An outside panel of experts for the Centers for Disease Control and Prevention on Thursday is scheduled to weigh whether children ages 5 to 11 should receive the newly authorized Covid-19 booster shot from
Pfizer Inc.
and
BioNTech
SE.
The panel’s recommendations would guide the nation’s doctors, schools and local policy makers in what vaccine advice they give to parents of the 28 million U.S. children in the age group.
The Food and Drug Administration earlier this week cleared the third Pfizer-BioNTech shot for the school-age children, to be given five months after the second dose. The extra dose is one-third the amount that those age 12 and older receive.
Until that authorization, boosters were cleared only for adults and teenagers.
The CDC’s Advisory Committee on Immunization Practices, which includes pediatricians, infectious-disease experts and other medical experts, is one of the final checkpoints before many pharmacies, doctor’s offices and other vaccination sites will start administering them. The CDC usually adopts its recommendations.
Covid-19 has generally been less severe for children than adults, though higher rates of children were hospitalized during the Omicron wave than during earlier periods of the pandemic.
The advisory group is expected to consider studies evaluating whether the booster shots are safe and effective, then decide whether to recommend them and if so, how strongly.
The decisions related to children are more complicated than earlier choices related to adults, because children have low risks of severe Covid-19 but not zero risk, panel member Dr.
Camille Kotton
said.
“Clearly someone who is 100 years old who is at high risk for severe deadly Covid, there’s a different risk-benefit equation,” she said.
Panel members are also expected to discuss any potential risks of rare heart conditions including myocarditis that have been associated with messenger RNA vaccines such as Pfizer-BioNTech’s, especially in teenage boys and young men.
Health authorities, however, say the benefits of the vaccines outweigh the risks of the inflammatory heart conditions. Researchers have found the risk of developing the conditions is higher with Covid-19 than after getting vaccinated.
At its meeting, the panel may also review timing of the booster shots.
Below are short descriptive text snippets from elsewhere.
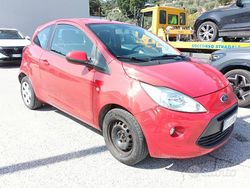 Rosso Usata 2013 Ford Ka Plus Due volumi | 4800 € (Buon prezzo)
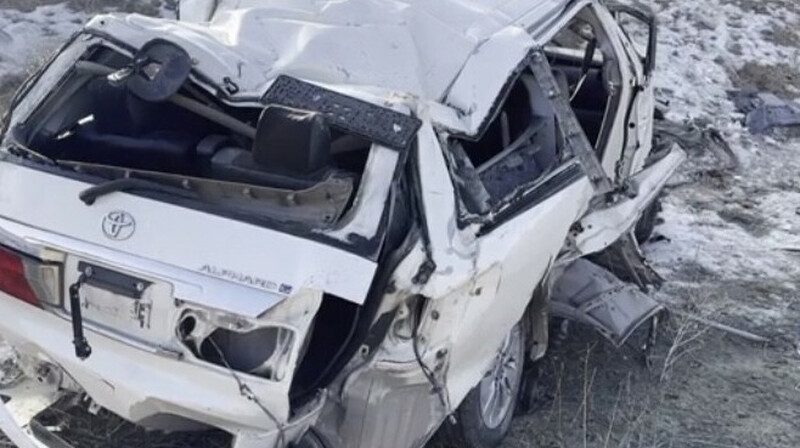 Алматы облысында болған жол апатынан тағы бір үндістандық студент көз жұмды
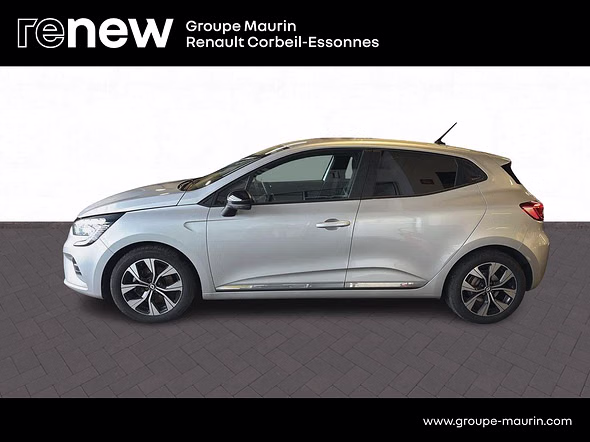 RENAULT Clio Réversible 1.6 E-Tech full hybrid 145 Evolution - Vue 2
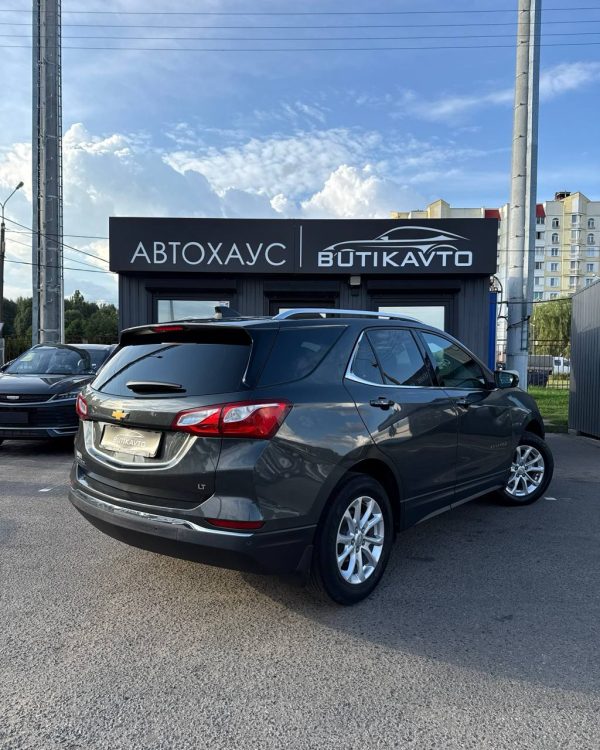 Chevrolet Equinox III - Image 6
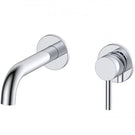 rak-prima-tech-chrome-wall-mounted-single-lever-basin-mixer-tap---rakprt3008-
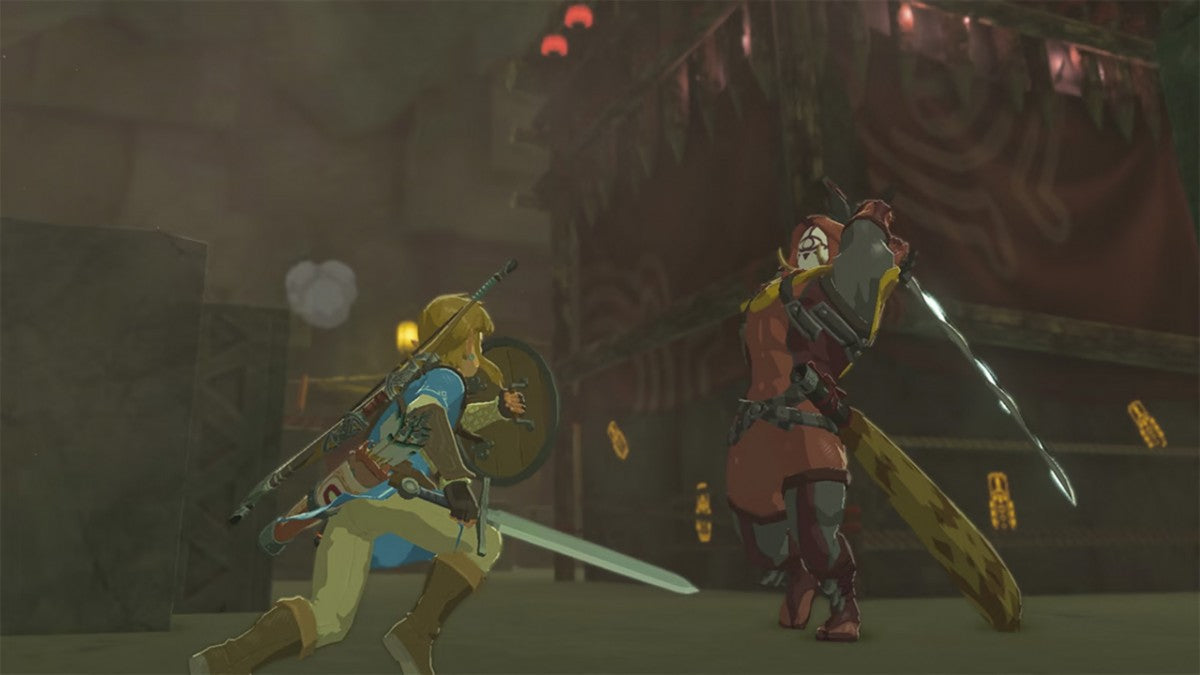 The Legend of Zelda Breath of the Wild Starter Pack Nintendo Switch NS for action adventure video game fans featuring expansive open world exploration Link quests puzzle filled shrines survival gameplay epic combat crafting exploration starter pack edition and collectible gaming appeal gameplay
Members may discuss whether to recommend children get the boosters immediately, or at the same time as flu shots in the fall.
“Vaccine fatigue is clearly part of the issue,” said
William Schaffner,
a nonvoting liaison member of the panel and professor of medicine at Vanderbilt University Medical Center. “There are still many, many children who have been recommended to receive the initial vaccination series who haven’t received it.”
About 28% of 5- to 11-year-olds in the U.S. received both initial doses of a Covid-19 vaccine as of May 11, according to the American Academy of Pediatrics.
The FDA signed off on the booster based on safety data in 400 children showing that the most common side effects were pain and swelling in the injection site, as well as fatigue, headache, muscle pain, chills or fever.
Testing also found that the booster shot generated a strong immune response to the virus, including significantly increased antibody levels against Omicron, according to Pfizer and BioNTech.